Home OPINION COMMENTARY Harar, The Forgotten Islamic City In Ethiopia, By Abdulkarim Abdulmalik

Harar, The Forgotten Islamic City In Ethiopia, By Abdulkarim Abdulmalik

In an age where global Islamic history is often reduced to the deserts of Arabia, the palaces of Andalusia, or the empires of the Ottoman world, one ancient African city continues to sit quietly behind stone walls; almost forgotten by the modern Muslim world. That city is Harar.
Located in eastern Ethiopia, Harar is not just another historic settlement. For centuries, it stood among the most important centers of Islamic civilization in Africa. Some historians and travelers once referred to it as the fourth holiest city of Islam after Makkah, Madinah, and Jerusalem owing to its extraordinary concentration of mosques, shrines, scholars, and Islamic learning.

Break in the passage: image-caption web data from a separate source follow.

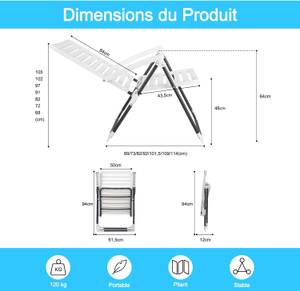 Chaises de jardin NP10924WH-2 Blanc - Matière plastique - 12 x 94 x 62 cm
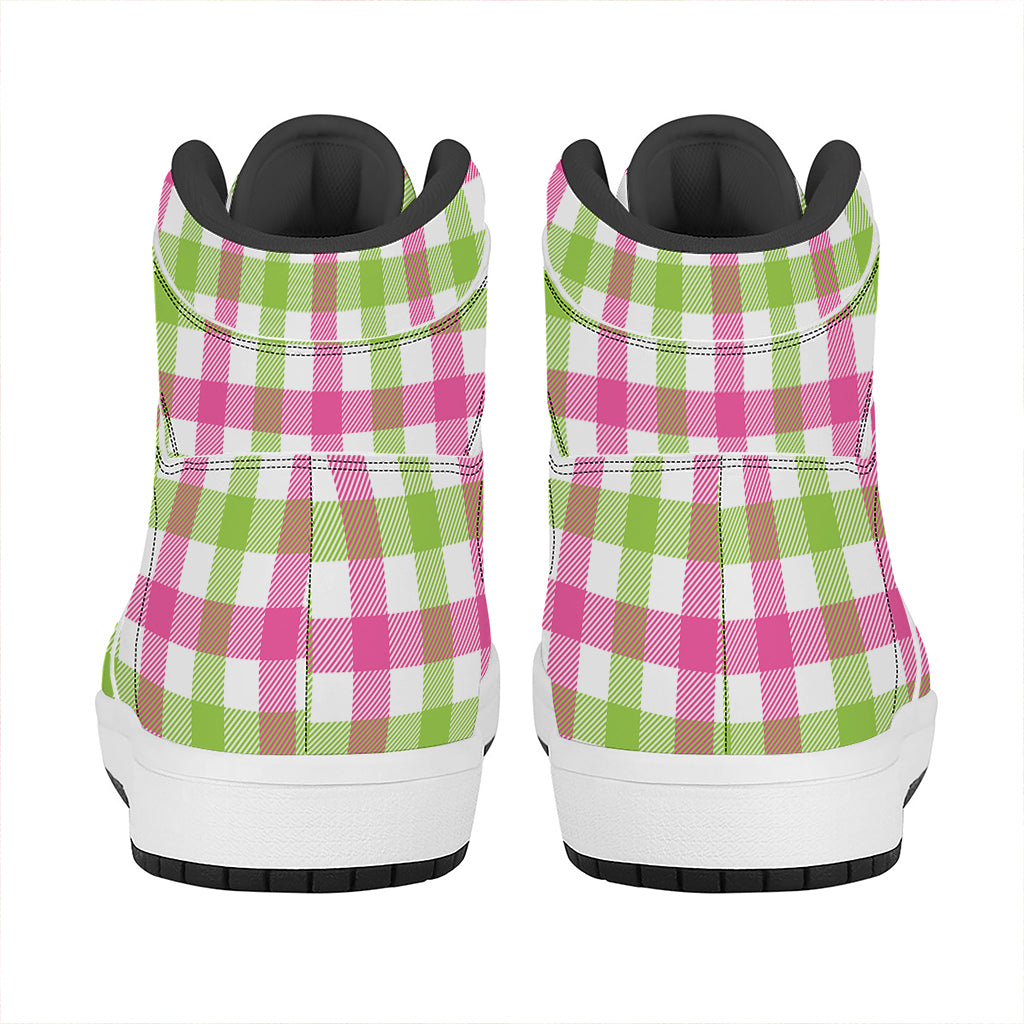 White Pink And Green Buffalo Plaid Print High Top Leather Sneakers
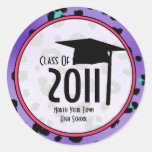 Graduation Class Of 2011 Purple Leopard Print Stickers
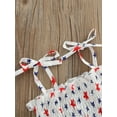 thumbnail image 5 of Gzhioc Toddler Summer A-line Dress,Tie-up Smocked Butterfly/ Heart/ Star  Stripe Print Spaghetti Strap One-piece, 5 of 8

Inside its ancient walls known as the Jugol are 82 mosques and more than a hundred Islamic centers squeezed into narrow winding alleys that still echo with the call to prayer five times a day.
It is note worthy that beyond its spiritual reputation lies a deeper and more painful story: the story of a civilization many people never knew existed, and a people struggling not to disappear.
Long before Islam spread in Arabia and to other parts of the world, the Horn of Africa had already encountered the new faith. Islamic history records that some of the earliest Muslims migrated to Abyssinia during the lifetime of Prophet Muhammad to escape persecution in Makkah. That migration established one of the earliest relationships between Islam and Africa.
Centuries later, Harar emerged as one of the continent’s strongest Islamic centers.
Protected by a defensive wall built in the 16th century, Harar lbecame both a spiritual sanctuary and a cultural fortress. The city preserved Islamic scholarship, trade networks, architecture, poetry, and manuscript traditions while political upheavals reshaped surrounding regions.
To enter Harar in earlier centuries was no easy task. Outsiders were viewed with suspicion, and non-Muslims were generally forbidden from entering the city. This isolation strengthened Harar’s image as a mysterious holy city hidden within Africa.
That mystery fascinated the British explorer Richard Francis Burton, who famously entered Harar in 1855 disguised as a Muslim merchant. Burton later wrote about the city with amazement, describing its people, markets, religious devotion, and unique urban life.
At the time, Harar was unlike most cities outsiders had seen in Africa. It possessed organized Islamic institutions, libraries, schools, sophisticated trade systems, and strong cultural identity. The city was connected to the broader Muslim world through commerce and scholarship stretching across the Red Sea, Arabia, and beyond.
Yet Harar’s significance went beyond religion.
It was also a center of African intellectual achievement.
For generations, scholars in Harar copied and preserved handwritten Qur’anic manuscripts and religious texts, some of the oldest Islamic manuscripts found in sub-Saharan Africa today. Families passed knowledge from one generation to another in homes and mosques where Arabic, Harari, and Islamic sciences flourished side by side.
The city also became linked to the powerful Adal Sultanate, a Muslim state that played a major role in the political history of the Horn of Africa.
But like many great civilizations, Harar eventually faced forces larger than itself.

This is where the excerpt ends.